São eleitores que defendem o brexit (a separação teve 70% dos votos no referendo de 2016), mas que também querem mais investimento em saúde, educação e segurança pública e mais presença do Estado —pontos que não faziam parte do manual conservador.

Logo na manhã desta sexta (13), Boris declarou lealdade a esse eleitor: “Talvez você tenha apenas nos emprestado seu voto. Você talvez se considere como um trabalhista e tenha planos de voltar a eles numa próxima eleição. Se esse for o caso, estou honrado que tenha confiado em mim e jamais deixarei de lutar pelo seu apoio”, declarou.

Mais tarde, em discurso tradicional em frente à residência do primeiro-ministro, no número 10 da rua Downing de Londres, ele pediu que os britânicos começassem a curar as feridas deixadas por três anos de discussões e impasses relacionados ao brexit.

O pronunciamento se segue a outro ritual, o de visitar a rainha Elizabeth 2ª no palácio de Buckingham e lhe pedir permissão para montar o governo em nome da coroa.

Boris chegou ao palácio pouco antes das 11h e foi recebido pela rainha em audiência privada, em que fotos não são permitidas. O encontro durou 36 minutos.

Responsável pela maior vitória do Partido Conservador no Parlamento desde 1987, o primeiro-ministro assegurou cacife para impor sua visão para o brexit, mais integrada à União Europeia e menos sujeita a turbulências, segundo o pró-reitor de Pesquisa da London School of Economics, Simon Hix.
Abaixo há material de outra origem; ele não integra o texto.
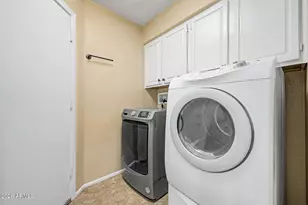 284 W Vera Ln, Tempe, AZ 85284 - Photo 30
A opinião é partilhada pelo primeiro-ministro irlandês, Leo Varadkar. Em Bruxelas para o encontro de líderes europeus, ele disse que o Reino Unido deve estabelecer uma parceria comercial “plus” com o bloco europeu, sem tarifas nem cotas.

“Pelas minhas conversas com Boris Johnson, ele está nesse mesmo diapasão”, afirmou Varadkar.

O resultado incontestável dos conservadores na Inglaterra e em Gales deve servir de contrapeso também nas relações de Boris com os nacionalistas escoceses (SNP), que eram antibrexit e fizeram campanha prometendo um novo referendo para se separar do Reino Unido.

Em 2014, a permanência do bloco na União Europeia foi um dos fatores principais para que os escoceses derrotassem a hipótese de separação do Reino Unido.

Foi em parte para a líder do SNP, Nicola Sturgeon, que o primeiro-ministro se dirigiu no discurso, ao defender que o Reino Unido “merece uma pausa nas discussões, uma pausa na política e uma pausa permanente nas conversas sobre o brexit”.

Nicola, no entanto, prometeu que na próxima semana já começaria as tratativas para realizar um segundo referendo sobre a independência escocesa do Reino Unido.

O governo conservador entrará agora numa fase de negociação com a União Europeia de temas como comércio exterior, direitos humanos, legislação, ambiente e defesa, que pode durar vários anos, segundo diplomatas que atuam nesse campo.

Nesta sexta-feira, os líderes dos 27 países que formam o Conselho Europeu se reuniram com Michel Barnier, negociador da União Europeia para o brexit, para começar a deslanchar as conversas.

Boris prometeu concluir as negociações em dezembro, mas pode pedir um adiamento até julho —analistas defendem que essa é a opção mais provável.

Se mantido para dezembro, o horizonte permitirá que países como França e Alemanha imponham condições mais duras ao Reino Unido, segundo diplomatas.

Em Bruxelas, depois do encontro de líderes, o presidente francês, Emmanuel Macron, disse que os europeus vão exigir que os britânicos mantenham a adesão ao campo regulatório comum.

Angela Merkel, primeira-ministra da Alemanha, afirmou que o Reino Unido havia agora se transformado em “um competidor à soleira da nossa porta, não mais integrado a nosso mercado interno”.

Segundo ela, os britânicos precisam pesar cuidadosamente o prejuízo de abandonar as regulações adotadas hoje na União Europeia.

A margem ampla dos conservadores na eleição levou a libra esterlina a se valorizar para US$ 1,351, o valor mais alto desde junho de 2018, refletindo otimismo do mercado com a economia britânica.

A possibilidade de “seguir em frente” acabou consolando até mesmo britânicos que votaram no Partido Trabalhista, como a enfermeira aposentada Marilyn Murray, 76. “Eu preferia continuar na União Europeia, mas pelo menos agora termina esse impasse e podemos tratar de outras coisas”, disse ela nessa sexta.